Data —
--------

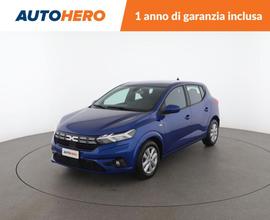 DACIA Sandero LT52873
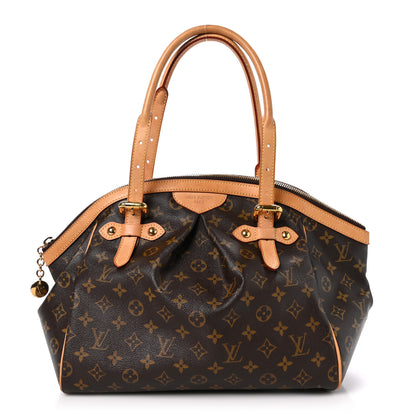 Louis Vuitton Monogram Tivoli GM 1 of 12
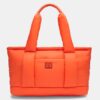 Τσάντα Studio Puffer Tote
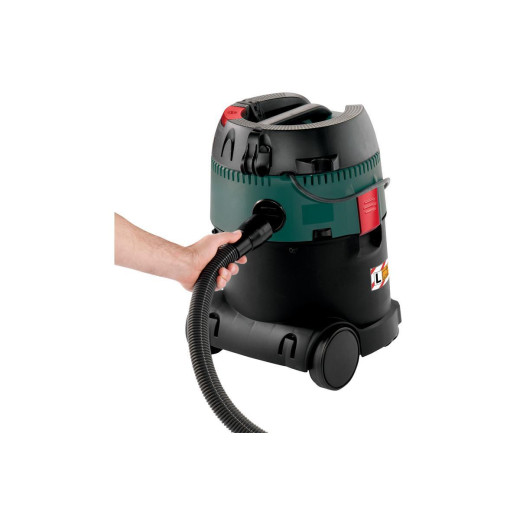 Універсальний пилосос Metabo ASA 25 L PC - 602014000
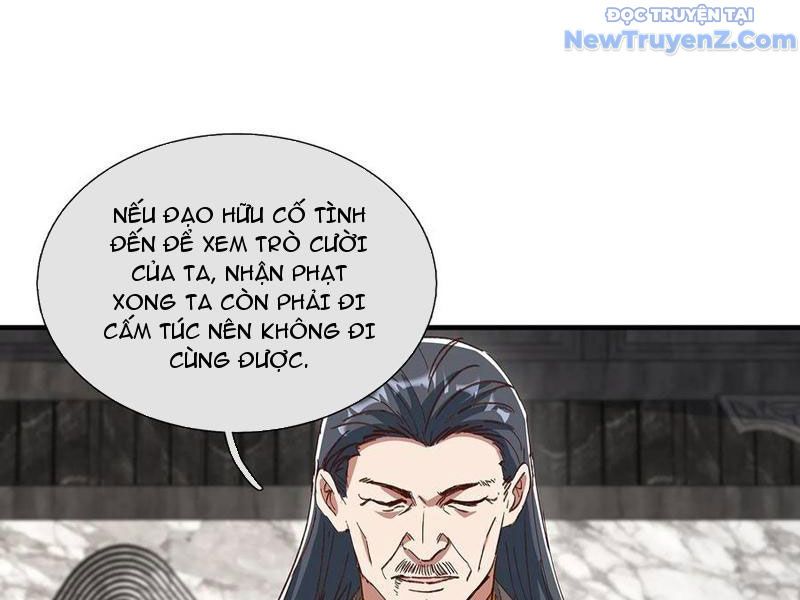 Hoá Ra Ta Là Lão Tổ Ma Đạo? Chapter 87 - Trang 2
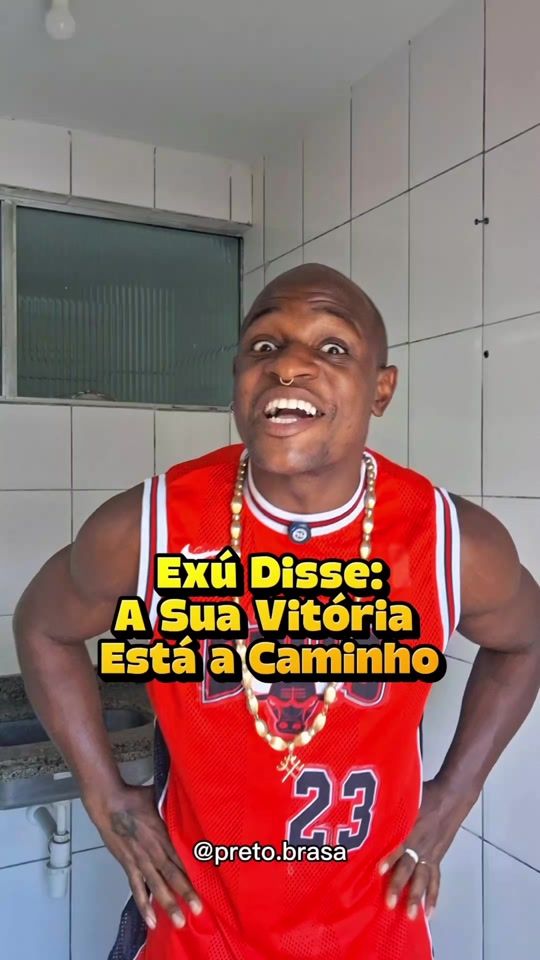 TikTok video thumbnail by preto.brasa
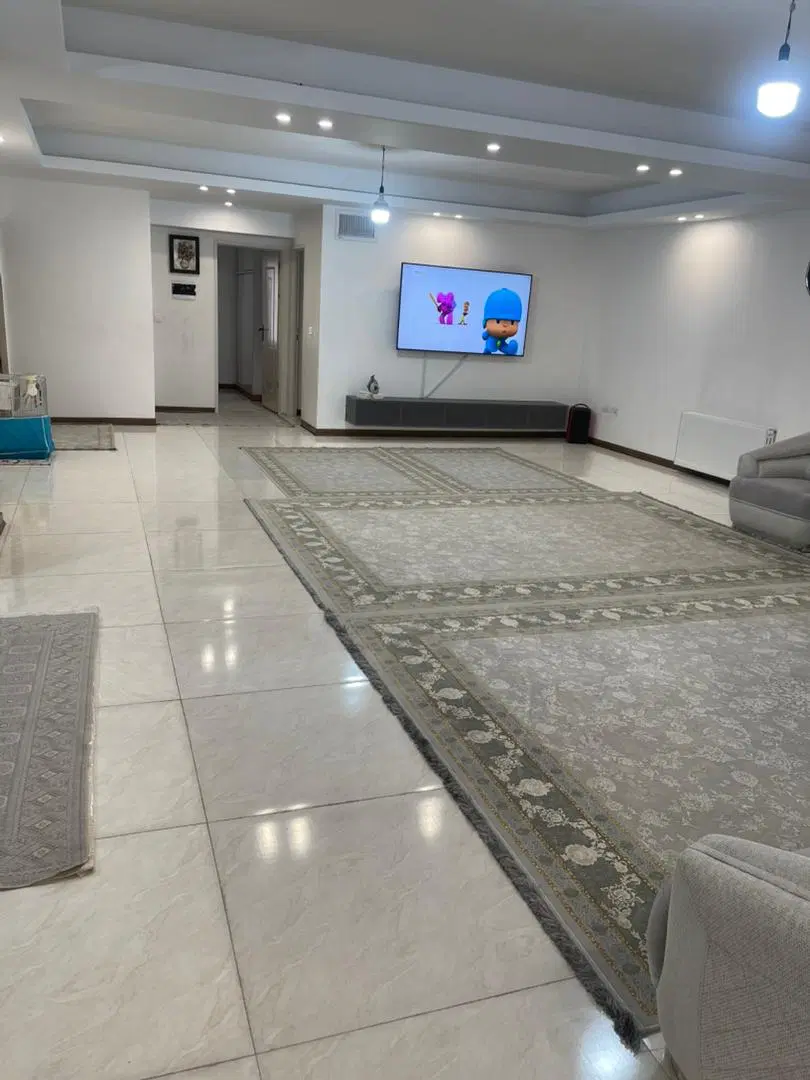 واحد فول امکانات با سند خادم ابادصاایران نوساز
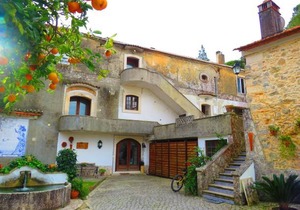70 m² House ∙ 2 bedrooms ∙ 4 guests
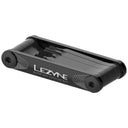 Multiherramienta para Ciclistas Lezyne V PRO 7 de acero Inoxidable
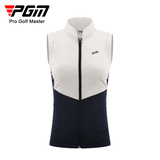 Áo Gile Golf nữ PGM - YF475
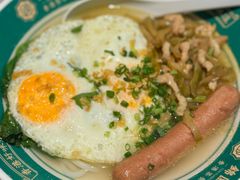 -锦园春香港茶餐厅(西海湾旗舰店)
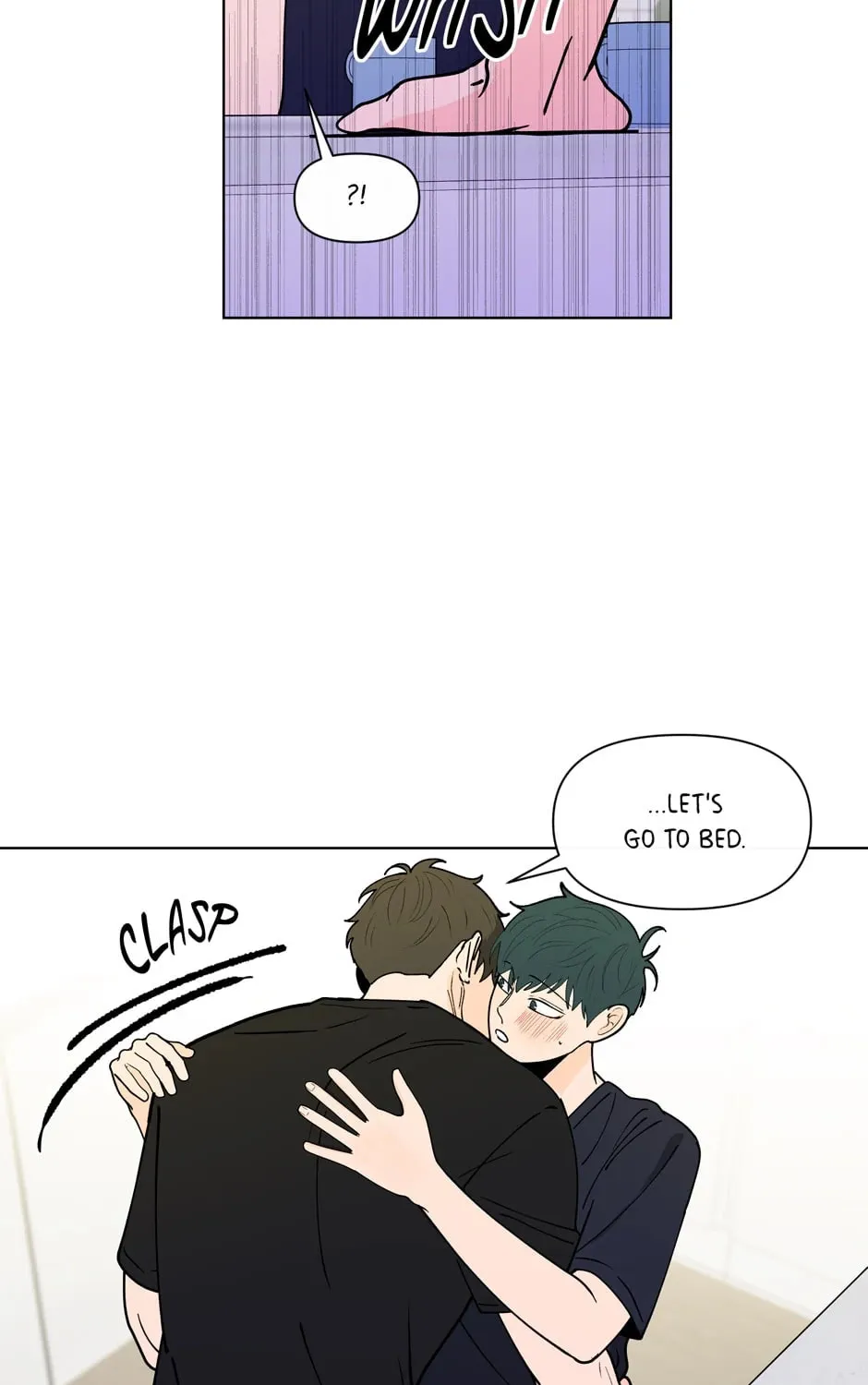 Banana Scandal Chapter 152 page 73 - 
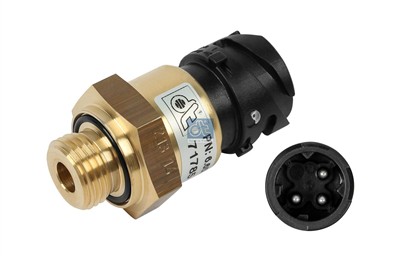 DT Spare Parts 6.65701 EAN: 4057795412132.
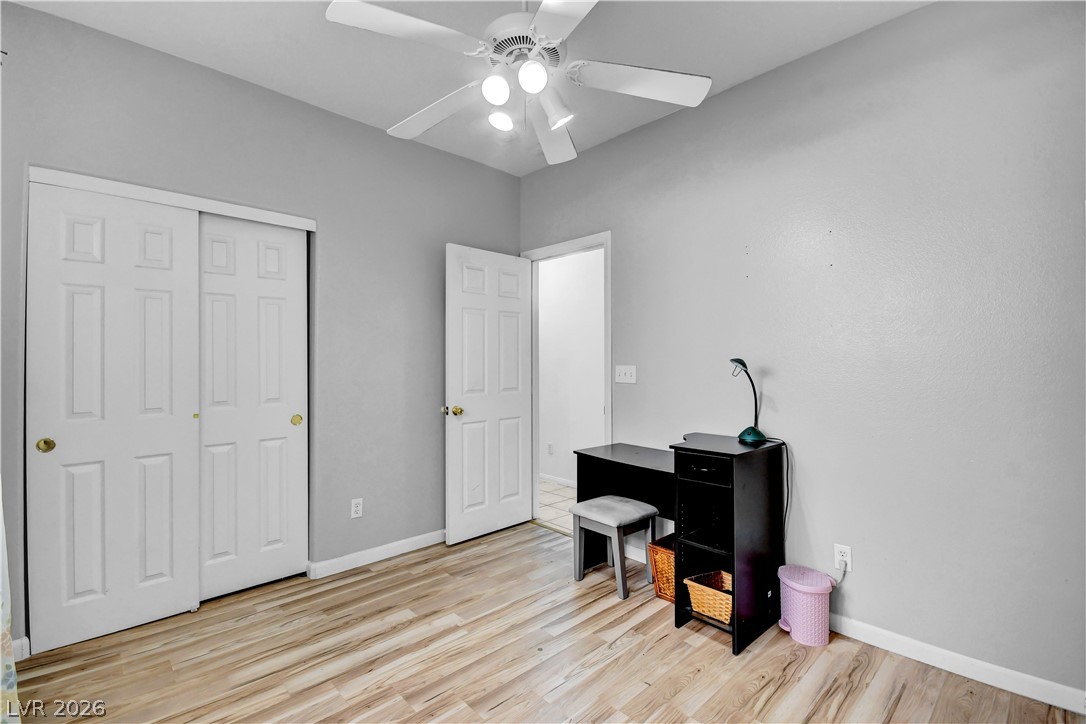 5129 Coral Beach Street North Las Vegas NV 89031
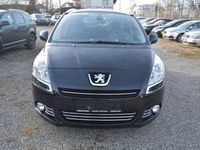 gebraucht Peugeot 5008 Allure*TÜV :12/2025*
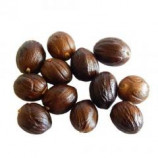 Premium quality Organic Nutmeg (with Shell) from Sri Lanka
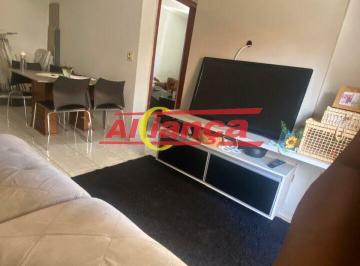Apartamento · 65m² · 2 Quartos · 1 Vaga · apto dois dormitorios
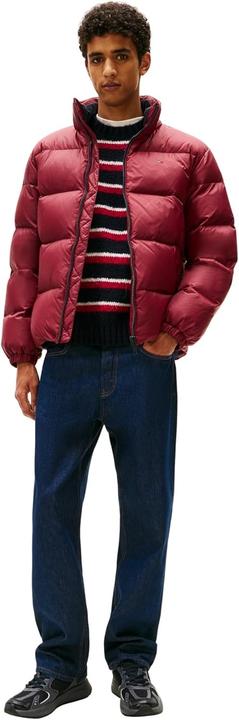 Actual product image Tommy Jeans Essential Down Jacket (S)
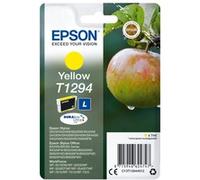 Epson Apple Encre jaune DURABrite Ultra Pomme T1294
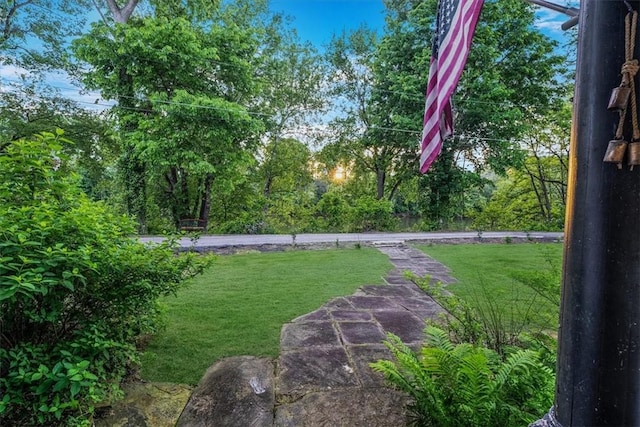 5 Rio Vista St, West Newton, PA 15089 - view of grassy yard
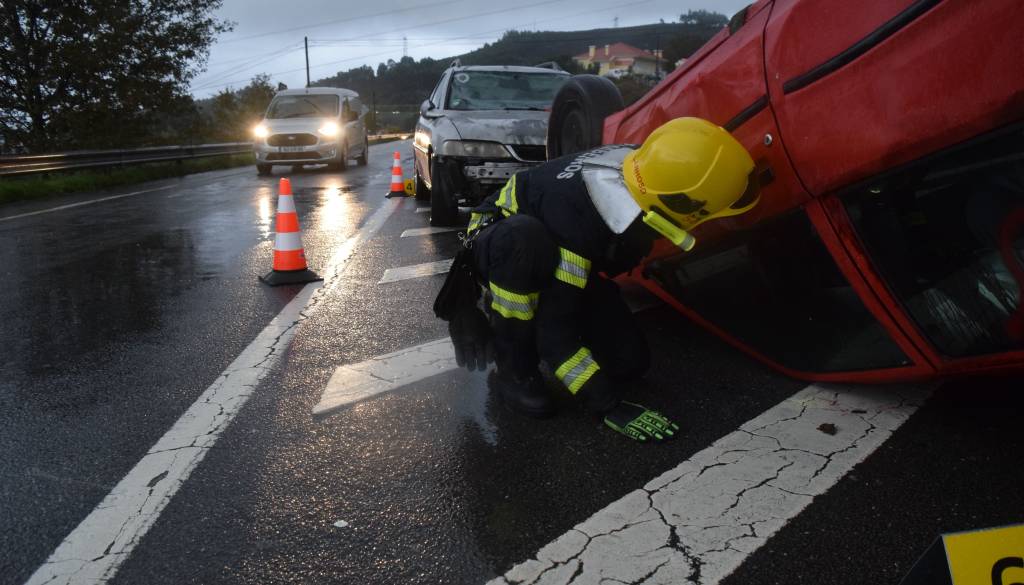 Šok na cestah: občutno več mrtvih v prometnih nesrečah, kako varna je Gorenjska?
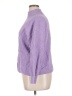 Old Navy Purple Turtleneck Sweater Size XL - photo 5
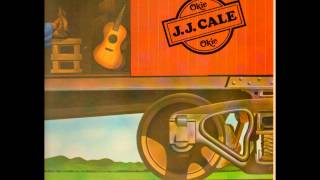 Cajun Moon  JJ Cale [upl. by Monney]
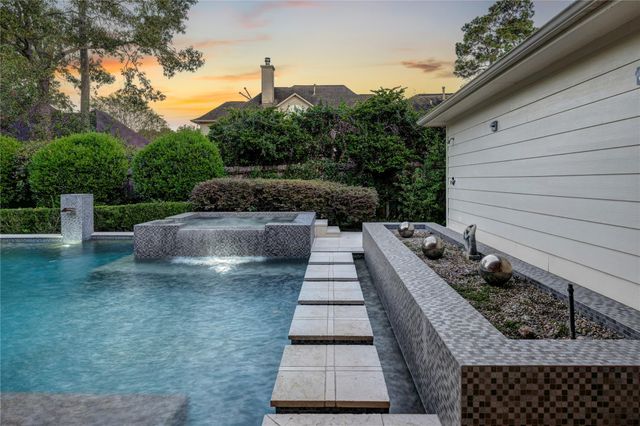 6206 Chestnut Peak Court, Kingwood, TX 77345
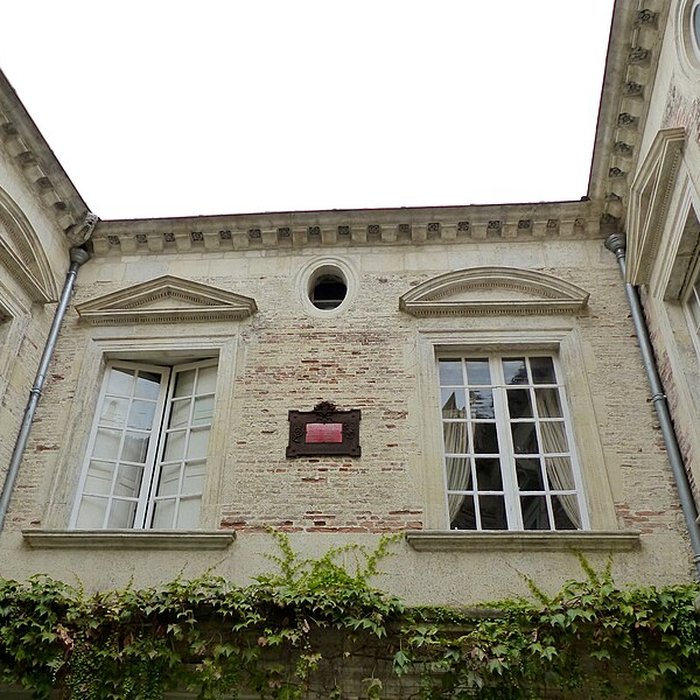 Photo de Hôtel de Bernis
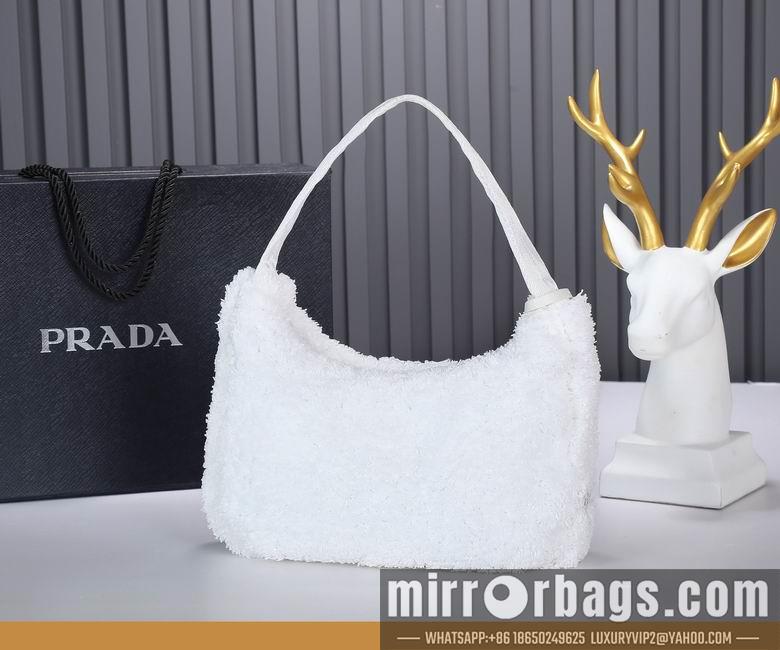 Replica Prada Bags WM1NE515 22X12X6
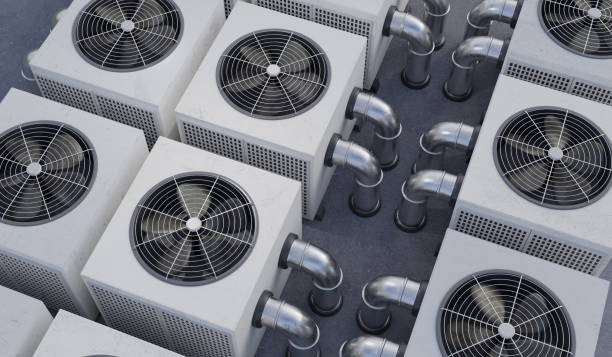 Affordable Air Conditioning Repair in Mattawan, MI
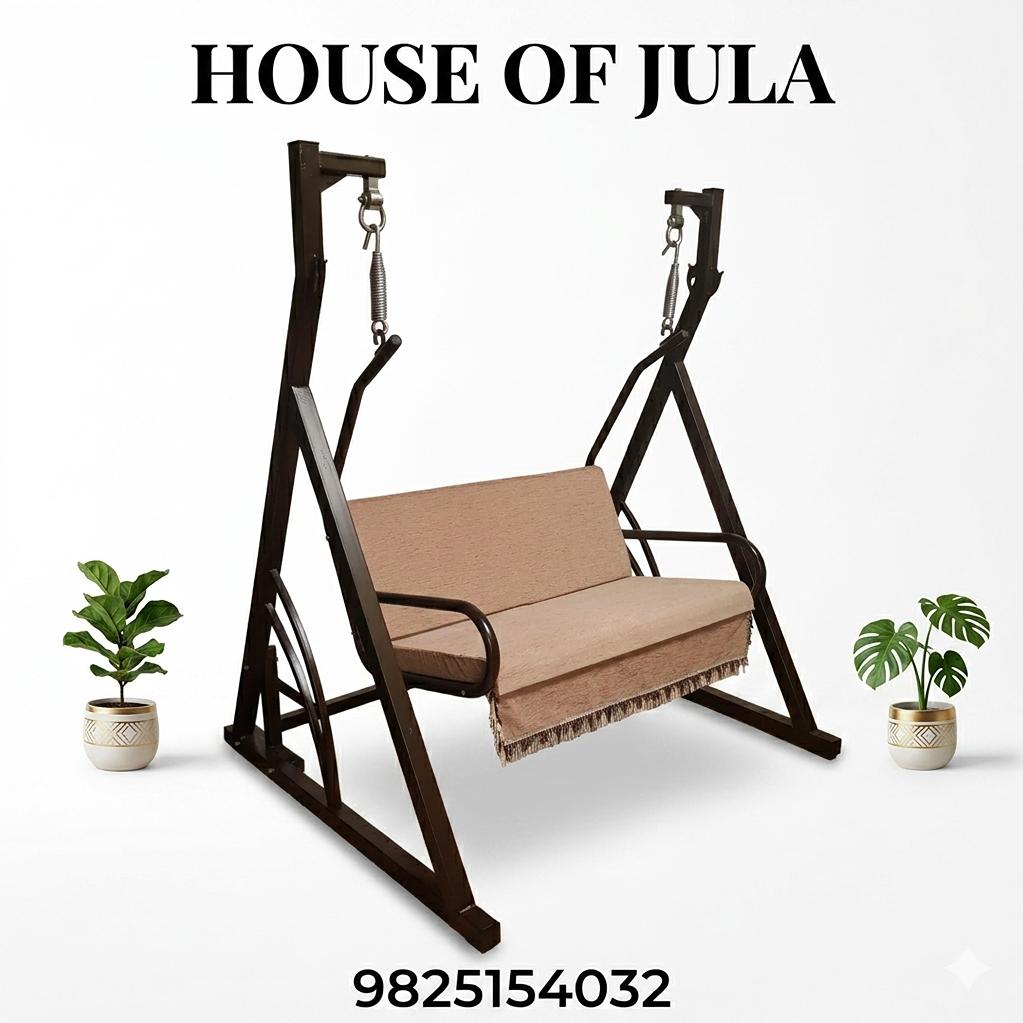 2 Seater Swing - Couple Swing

--------

What to work on —
Please, without any pictures, retype the records exactly as they appear.

Your response —
 DACIA Sandero LT52873
 Louis Vuitton Monogram Tivoli GM 1 of 12
 Τσάντα Studio Puffer Tote
 Універсальний пилосос Metabo ASA 25 L PC - 602014000
 Hoá Ra Ta Là Lão Tổ Ma Đạo? Chapter 87 - Trang 2
 TikTok video thumbnail by preto.brasa
 واحد فول امکانات با سند خادم ابادصاایران نوساز
70 m² House ∙ 2 bedrooms ∙ 4 guests
 Multiherramienta para Ciclistas Lezyne V PRO 7 de acero Inoxidable
 Áo Gile Golf nữ PGM - YF475
 -锦园春香港茶餐厅(西海湾旗舰店)
 Banana Scandal Chapter 152 page 73 - 
 DT Spare Parts 6.65701 EAN: 4057795412132.
 5129 Coral Beach Street North Las Vegas NV 89031
 gebraucht Peugeot 5008 Allure*TÜV :12/2025*
 Premium quality Organic Nutmeg (with Shell) from Sri Lanka
Apartamento · 65m² · 2 Quartos · 1 Vaga · apto dois dormitorios
 Actual product image Tommy Jeans Essential Down Jacket (S)
 Epson Apple Encre jaune DURABrite Ultra Pomme T1294
 5 Rio Vista St, West Newton, PA 15089 - view of grassy yard
 Šok na cestah: občutno več mrtvih v prometnih nesrečah, kako varna je Gorenjska?
 Old Navy Purple Turtleneck Sweater Size XL - photo 5
 Cajun Moon  JJ Cale [upl. by Monney]
 6206 Chestnut Peak Court, Kingwood, TX 77345
 Photo de Hôtel de Bernis
 Replica Prada Bags WM1NE515 22X12X6
 Affordable Air Conditioning Repair in Mattawan, MI
 2 Seater Swing - Couple Swing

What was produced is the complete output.